Molnar: A happy accident. Eight years ago, I knew nothing about algorithms. Then in 2018, my colleague Lex Gill at the Citizen Lab and I discovered that the Canadian government was using experimental technology in the immigration system. We wrote a report that made its way around the world, which opened my eyes to the intersection of technology and migration. Since then, I’ve been trying to stitch together this global story, which culminated in my book, The Walls Have Eyes.
How do you go about your research in these dangerous areas around the border, and how do you actually get all this information for your book?
Molnar: I toggle between my role as a lawyer and my training as an anthropologist. I've always had a commitment to this ethnographic way of working.
For the purposes of being able to gather evidence and be present in these spaces, you sometimes have to go into areas that are designated to be a military zone, where researchers and lawyers and journalists aren’t allowed to be. The same goes for many refugee camps. A lot of the evidence in the book is actually from official visits. Other work had to be done in other ways because governments do not like too many critics poking their nose into these spaces. Not to mention the personal spyware and cybersecurity issues that come up when you're doing work that states don't necessarily want you to see, like the Pegasus and Predator scandal in Greece which happened while I was living there.
So, this type of work requires both preparation and experience. Initially, there's a fact-finding phase to identify hotspots. Often, it's an iterative process – spotting technology in use and going there to understand it better.
It's also a lot about building relationships, with civil society, journalists, and most importantly people on the move. This slower more grounded approach allows you to revisit spaces again and again and fill in the gaps in your understanding of the issue, opening up spaces for complexity.
What have you encountered in your research, what conditions and which technologies are migrants dealing with at the border?
Molnar: Technology virtually impacts every piece of a person’s migration journey. When they’re still in their home country, people are interacting with things like social media scraping that is used to build risk profiles on them. All this before you even move. Then at the border, or in spaces of humanitarian emergencies, that's where a lot of the sharp surveillance is happening: Drones, radars, cameras, biometrics – at the US-Mexico border, even robodogs. All very high risk, very untested and unregulated.
And then after the border, AI lie detectors, voice printing technology or visa triaging algorithms are used. It’s this panopticon of technology that follows a person as they are moving across borders and spaces
When did these high-tech border regimes first start out, and how have borders been changed by digital technologies?

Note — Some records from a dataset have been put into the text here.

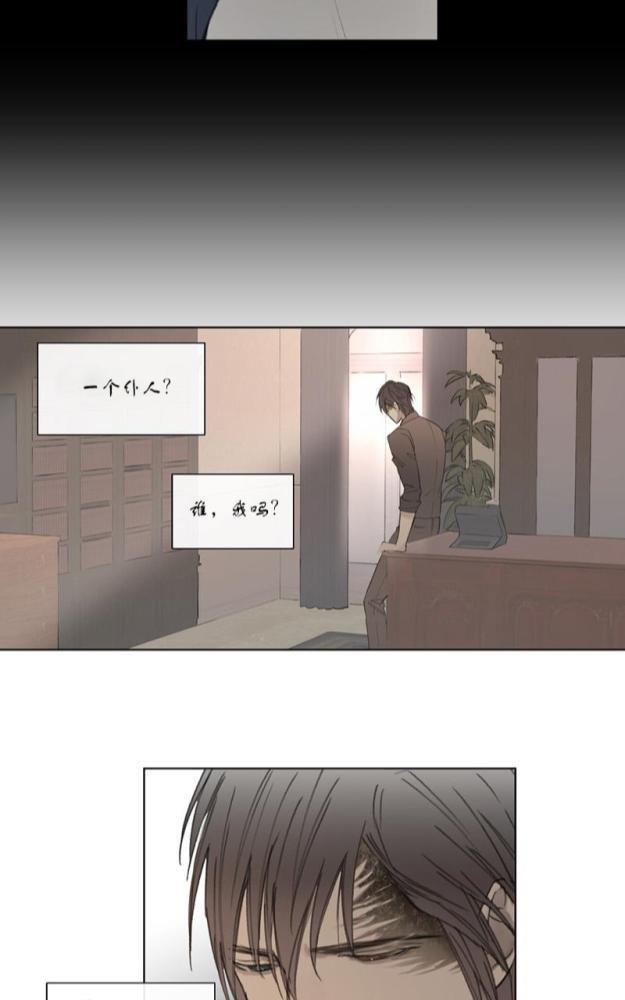 皇家执事[耽美]韩漫全集-第51话无删减无遮挡章节图片 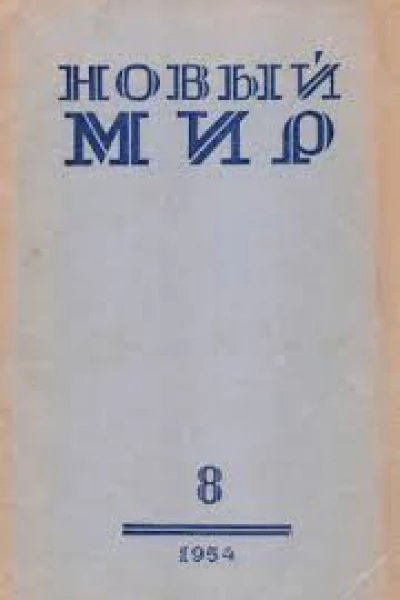 Журнал Новый мир  8 1954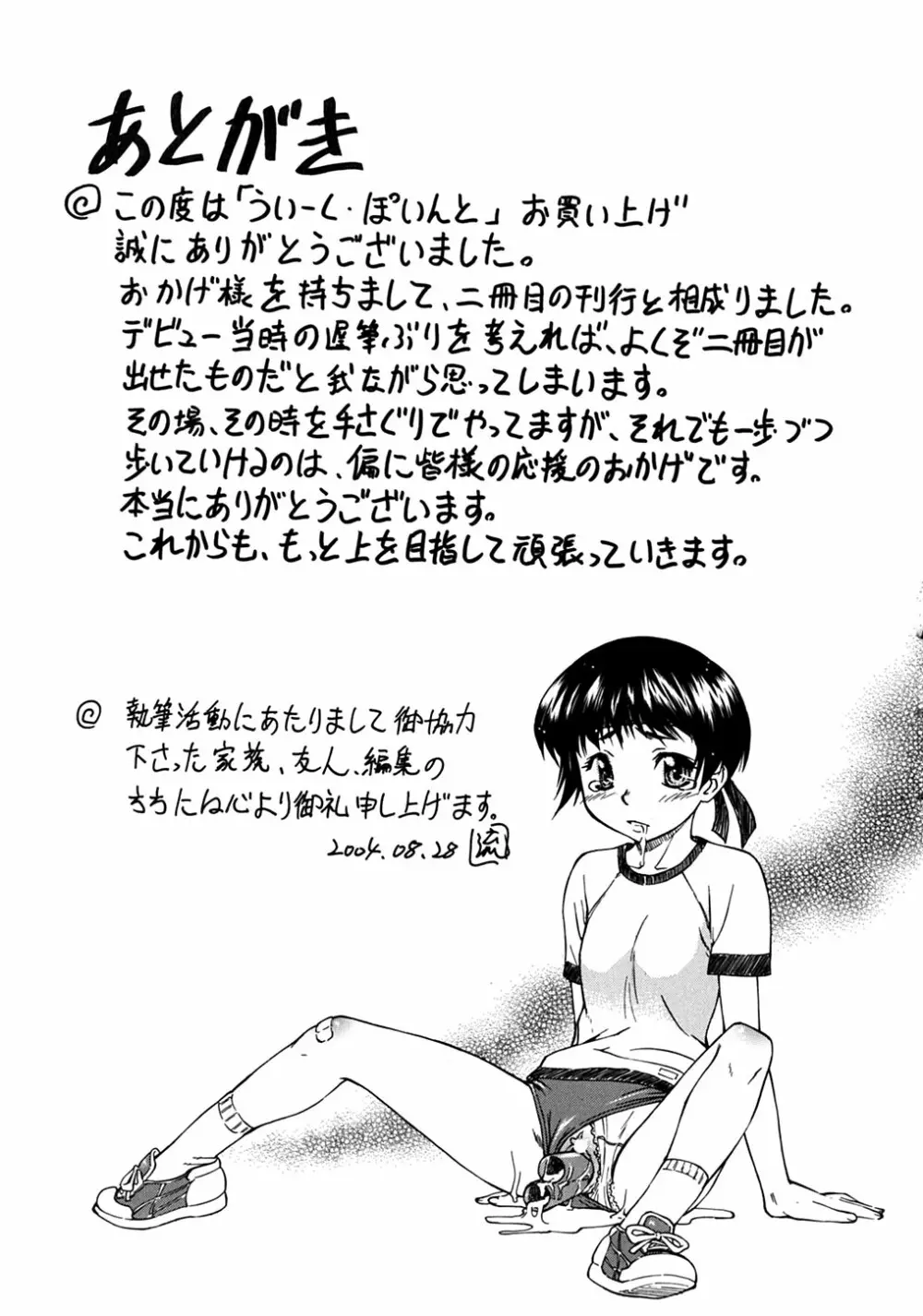 ういーく・ぽいんと Page.174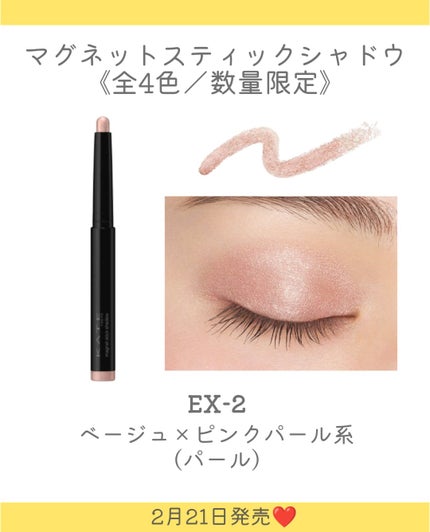 ケイト マグネットスティックシャドウ/KATE/スティックアイシャドウを使ったクチコミ(4枚目)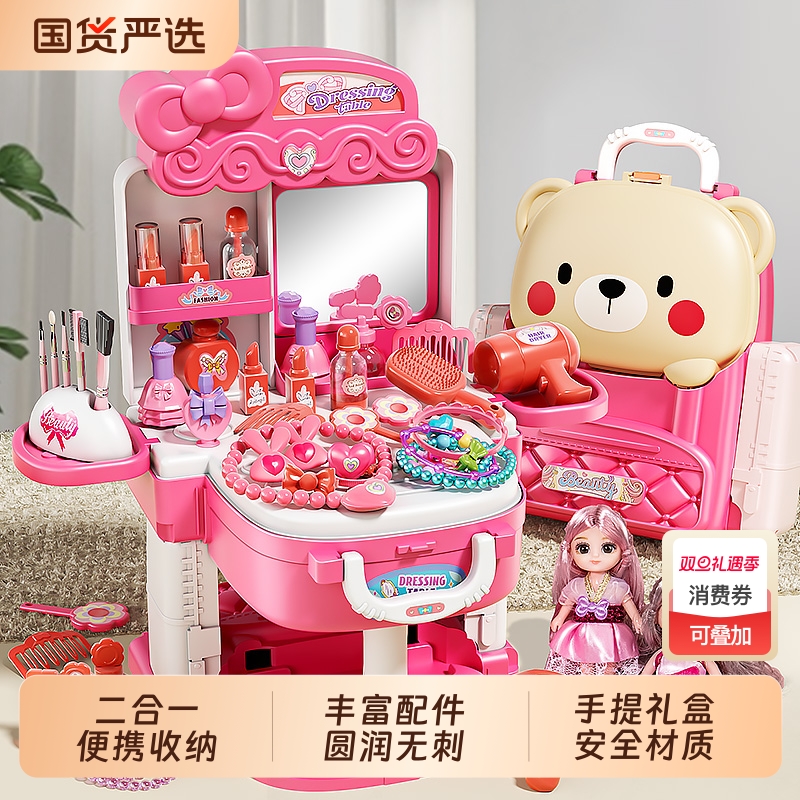 儿童玩具女孩子过家家3到6岁梳妆台小公主化妆品4一5宝宝生日礼物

Borders have always been violent spaces, and technology has always been part of that. Passports are a form of technology, and data collection dates back to colonialism when it was used to control and subjugate certain groups along racial and ethic lines. This usage of technology reflects a historical pattern of exclusion and violence. After 9/11, border digitalization and automation surged, and in the last decade, Western anxiety around migration has driven a rise in high-risk experimental projects. The U.S. introduced robodogs in 2022, and AI lie detectors were tested in Europe around the same time. Who knows what's next?
When you say high-risk technologies, what are those specific risks that migrants are confronted with?
Molnar: From a human rights perspective, it's the whole ambit of rights that are at risk of violation.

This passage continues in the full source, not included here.